Some Notes Pertaining to Ch. 12 of E&T

Ch. 12 is the first of three consecutive chapters dealing with confidence intervals. (Ch. 22 also deals with confidence intervals.)

In Sec. 12.1, we can see another use for estimated standard errors. (Previously in E&T they have been used primarily as a measure of accuracy for point estimators.) Estimated standard errors can be used in approximate confidence intervals for approximately normal estimators.

If an estimator is normally distributed and unbiased, then the probability that it takes a value within 1.6449 standard errors of the estimand is 0.9 (and the probability that it takes a value within 1.9600 standard errors of the estimand is 0.95).

If an estimator is normally distributed and unbiased, and the sample size is large enough so that the estimator's standard error can be estimated very well, then the probability that it takes a value within 1.6449 estimated standard errors of the estimand is approximately 0.9 (and the probability that it takes a value within 1.9600 estimated standard errors of the estimand is approximately 0.95). This can be shown using Slutzky's theorem.

Also, if an estimator is approximately normally distributed and is unbiased or has a negligible bias (relative to it's standard error), then the probability that it takes a value within 1.6449 standard errors of the estimand is approximately 0.9 (and the probability that it takes a value within 1.9600 standard errors of the estimand is approximately 0.95).

Finally, if an estimator is approximately normally distributed and is unbiased or has a negligible bias (relative to it's standard error), and the sample size is large enough so that the estimator's standard error can be estimated very well, then the probability that it takes a value within 1.6449 estimated standard errors of the estimand is approximately 0.9 (and the probability that it takes a value within 1.9600 estimated standard errors of the estimand is approximately 0.95).

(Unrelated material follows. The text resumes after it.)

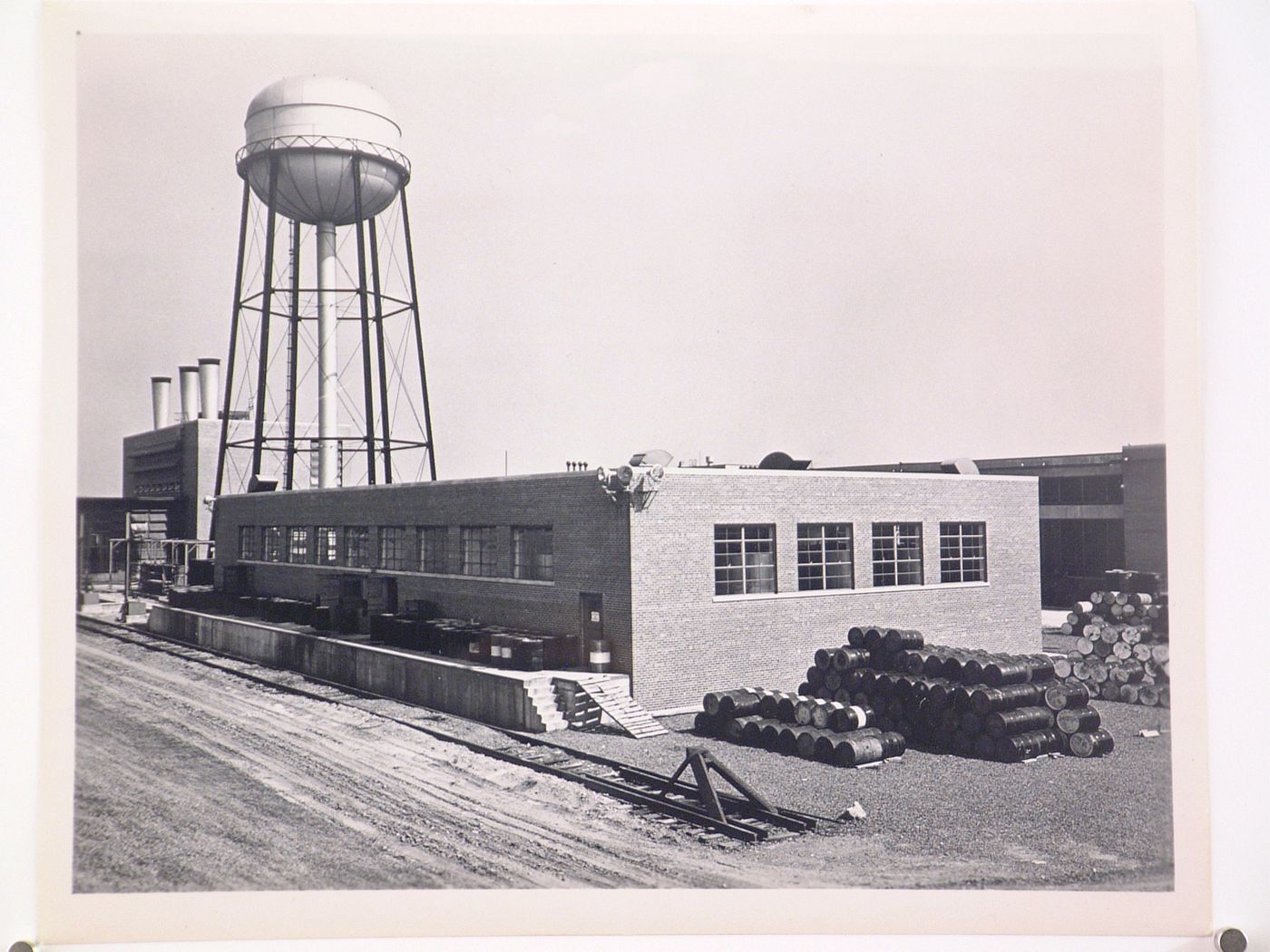 View of the Oil House in the foreground and the water tower and Boiler House in the background, Ford Motor Company Lincoln-Mercury division Automobile Assembly Plant, Metuchen, New Jersey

While it may be rare to work with a normally distributed estimator in practice, many estimators are approximately normal, and so the last two results are quite useful --- the method of (approximate) pivots leads to approximate confidence intervals of the form given by (12.6). E&T refer to such intervals as standard confidence intervals. (Notes: (1) I will write z_α instead of z^(1-α). (2) I typically use α/2 instead of α to get a confidence interval having approximate coverage probability 1 - α instead of 1 - 2α.)

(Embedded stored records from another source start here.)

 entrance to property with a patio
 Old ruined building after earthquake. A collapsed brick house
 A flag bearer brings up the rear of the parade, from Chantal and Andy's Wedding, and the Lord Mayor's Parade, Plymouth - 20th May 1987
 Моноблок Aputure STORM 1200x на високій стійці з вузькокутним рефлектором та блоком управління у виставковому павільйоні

Estimators which are asymptotically normal are only approximately normal with a finite sample size, and for sample sizes which aren't large enough, the approximation suffers. In such cases it is often possible to use bootstrapping (in a variety of ways) to obtain better approximate confidence intervals. Bootstrapping can also be used effectively in some cases in which the estimator is not approximately normal. (Some estimators aren't even asymptotically normal.)

There's not a lot of importance in Sec. 12.2. The main focus is on what E&T refer to as accurate confidence intervals. They designate a confidence interval as accurate if the probability that it misses covering the estimand by having the upper confidence bound being below the estimate is the same as the probability that it misses by having the lower confidence bound being above the estimate, with both of these probabilities being (about) α for a (approximate) confidence interval having a nominal coverage probability of 1 - 2α.

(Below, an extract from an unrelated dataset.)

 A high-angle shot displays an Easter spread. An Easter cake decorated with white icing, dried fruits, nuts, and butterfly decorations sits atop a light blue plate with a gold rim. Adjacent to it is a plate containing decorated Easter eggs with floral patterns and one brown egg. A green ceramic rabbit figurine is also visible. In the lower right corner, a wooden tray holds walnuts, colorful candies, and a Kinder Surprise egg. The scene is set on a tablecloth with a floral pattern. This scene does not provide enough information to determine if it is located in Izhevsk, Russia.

E&T seem to put a lot of emphasis on having what they refer to as an accurate confidence interval, but a lot of others do not do this. Some strive to have a confidence interval procedure which is valid (meaning that the actual coverage probability is not less than the nominal coverage probability), and which produces intervals which are on the average as short as possible.

Sec. 12.3 isn't too important as far as learning about bootstrapping is concerned. It establishes the viewpoint that a confidence interval represents the plausible values for an unknown estimand by using aspects of hypothesis testing. It may be a bit hard to follow upon an initial reading, but in class I can easily explain what they are getting at by claiming that values above the interval and values below the interval are implausible. (Basically, values below the lower confidence bound are implausible because if such a value was the true value of θ, then it would be unlikely to obtain an estimate as large as the one observed, and values above the upper confidence bound are implausible because if such a value was the true value of θ, then it would be unlikely to obtain an estimate as small as the one observed.)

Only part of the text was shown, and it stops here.